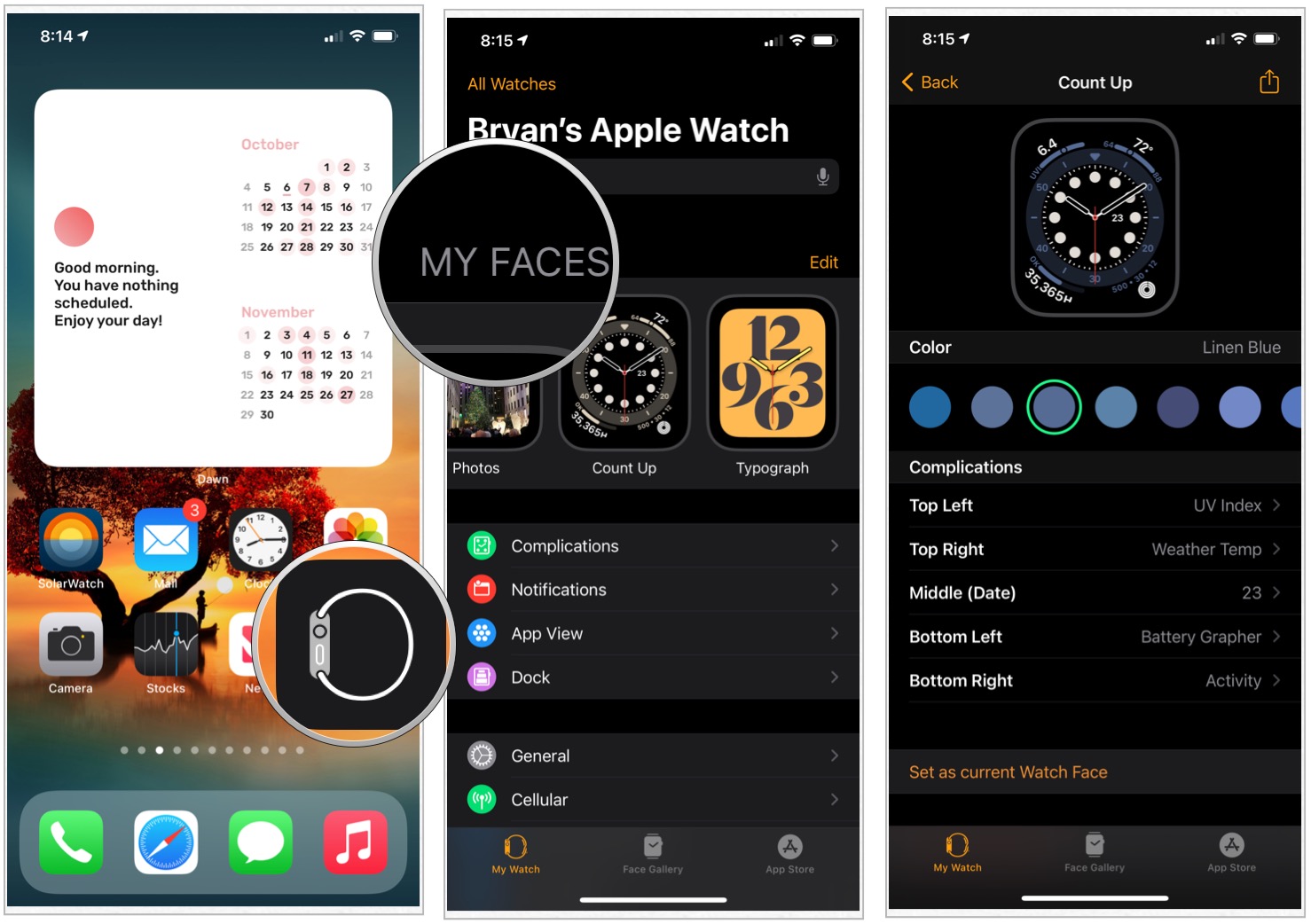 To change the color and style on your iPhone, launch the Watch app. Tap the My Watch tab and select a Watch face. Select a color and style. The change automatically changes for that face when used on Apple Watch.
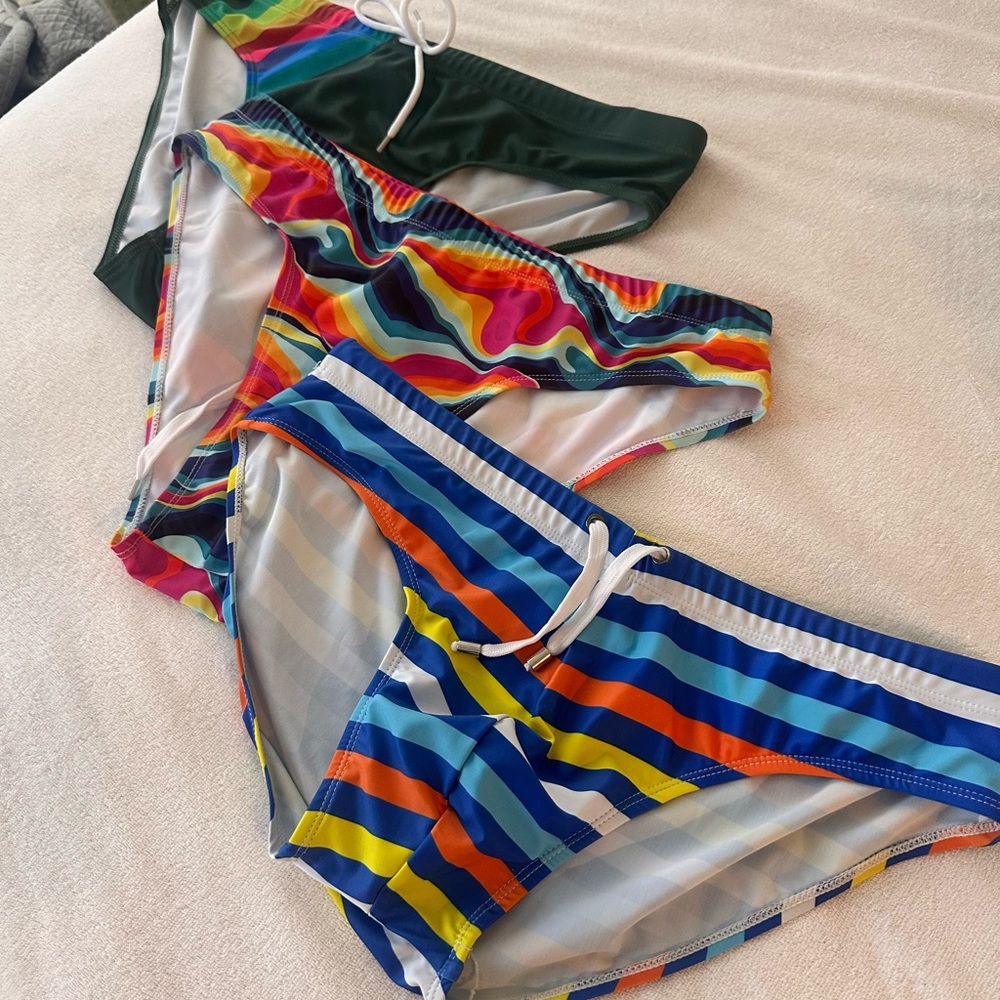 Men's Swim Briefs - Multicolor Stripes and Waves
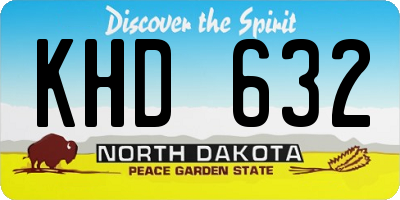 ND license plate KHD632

----------------

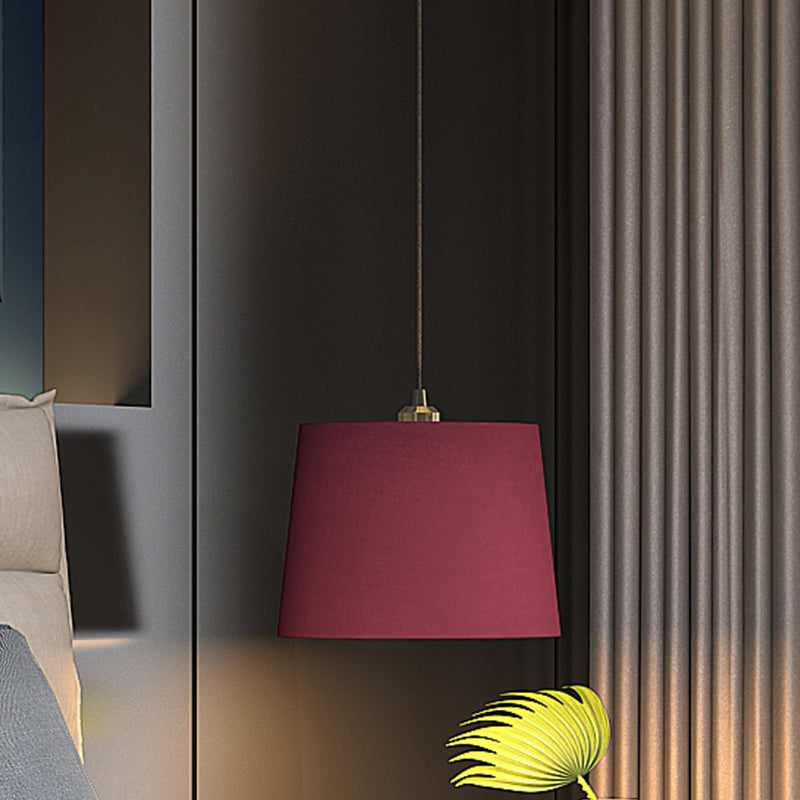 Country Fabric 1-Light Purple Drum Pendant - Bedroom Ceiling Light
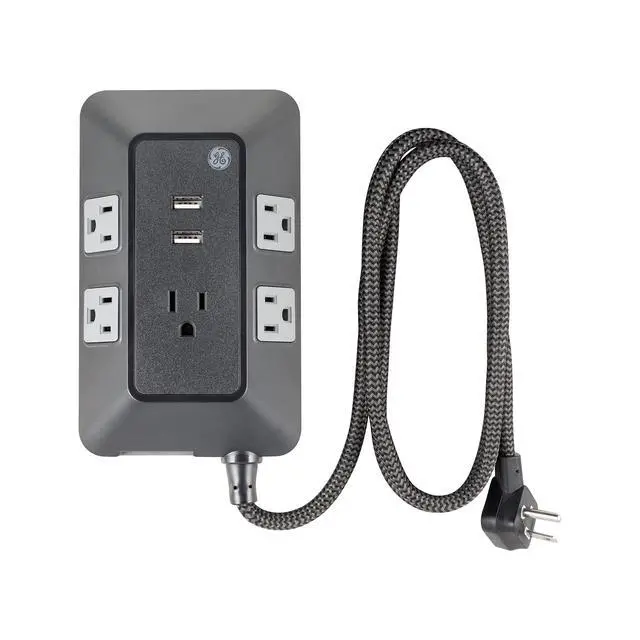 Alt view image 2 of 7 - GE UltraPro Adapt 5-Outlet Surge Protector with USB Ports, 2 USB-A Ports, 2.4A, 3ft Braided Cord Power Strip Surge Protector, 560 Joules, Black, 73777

----------------

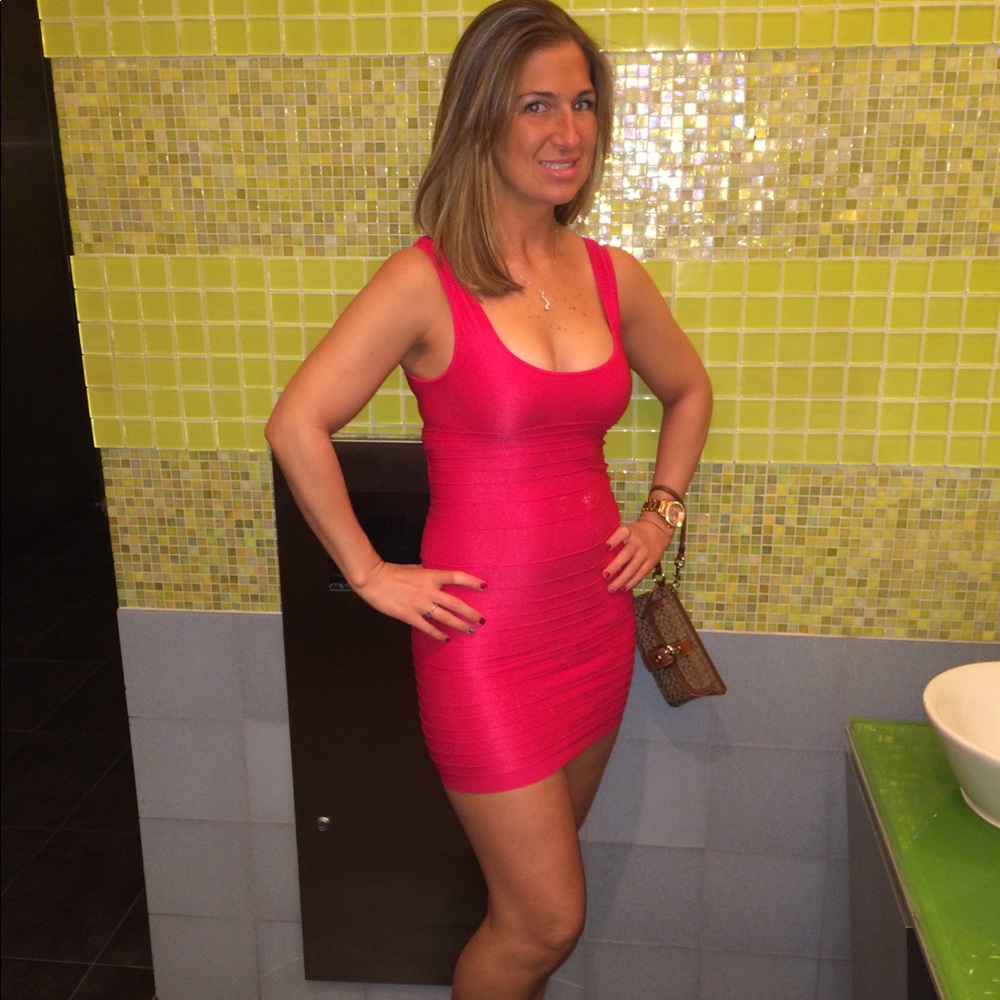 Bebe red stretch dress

----------------

• Problem description: Between and including the line with "To change the" and the line with "ND license plate KHD632", repeat every line exactly as it appears above, with pictures left out.

• Your solution:
 To change the color and style on your iPhone, launch the Watch app. Tap the My Watch tab and select a Watch face. Select a color and style. The change automatically changes for that face when used on Apple Watch.
 Men's Swim Briefs - Multicolor Stripes and Waves
 ND license plate KHD632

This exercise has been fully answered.